• **Problem**
Without the pictures, set down every line of the data exactly.

• **Recorded information**
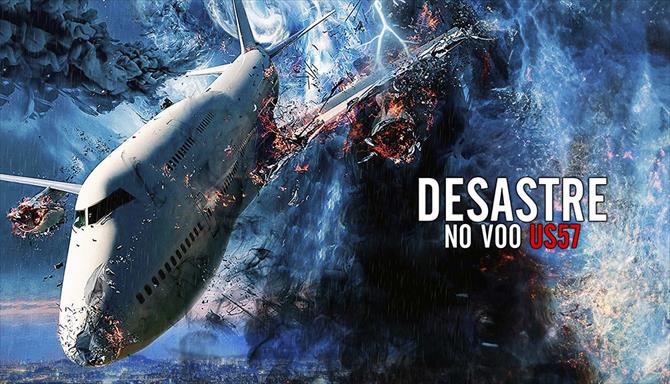 Desastre no Voo US57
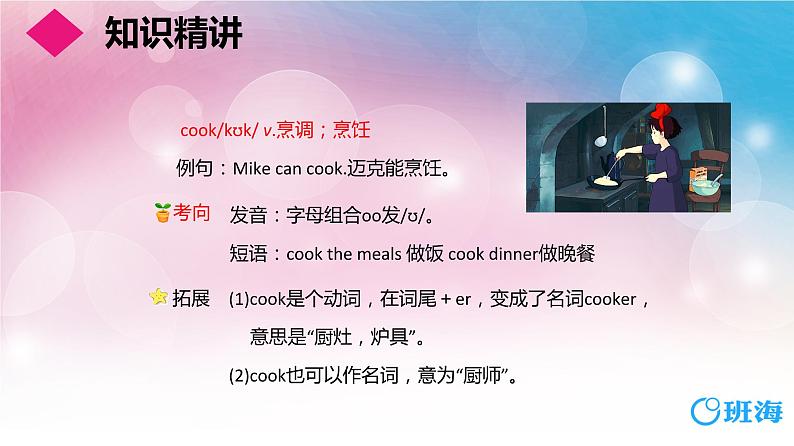 人教版(新)五上 Unit 4 Part B Let 's learn~Write and say第2课时【优质课件】第6页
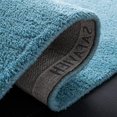 thumbnail image 4 of Safavieh Himalaya Turquoise Shag Rug - Square 8', 4 of 4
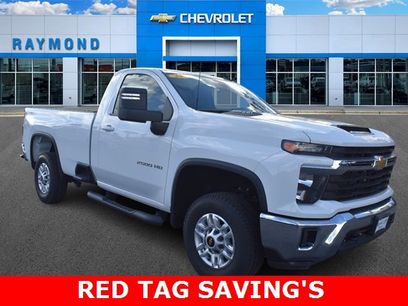 New 2025 Chevrolet Silverado 2500 LT w/ Convenience Package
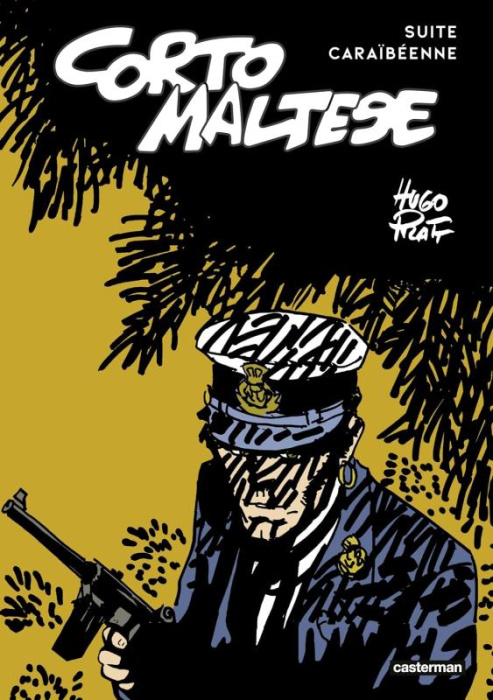 Emprunter Corto Maltese : Suite caraïbéenne livre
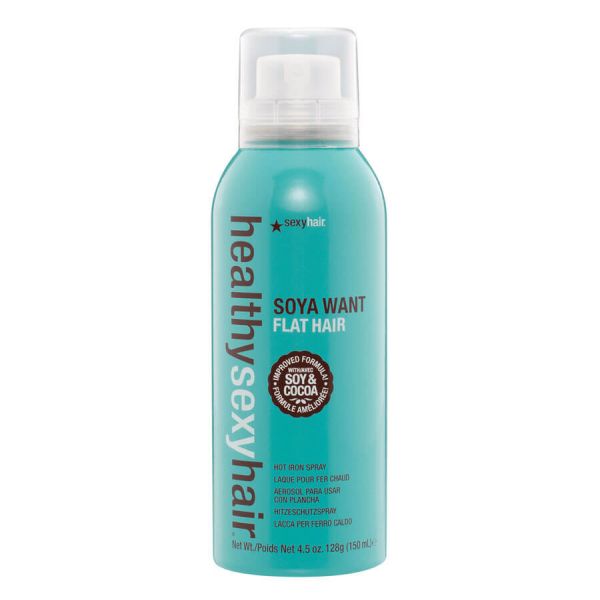 'Healthy Sexyhair' Hair Straightening Spray - 150 ml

• **Exercise answer**
 Desastre no Voo US57
 人教版(新)五上 Unit 4 Part B Let 's learn~Write and say第2课时【优质课件】第6页
 thumbnail image 4 of Safavieh Himalaya Turquoise Shag Rug - Square 8', 4 of 4
 New 2025 Chevrolet Silverado 2500 LT w/ Convenience Package
 Emprunter Corto Maltese : Suite caraïbéenne livre
 'Healthy Sexyhair' Hair Straightening Spray - 150 ml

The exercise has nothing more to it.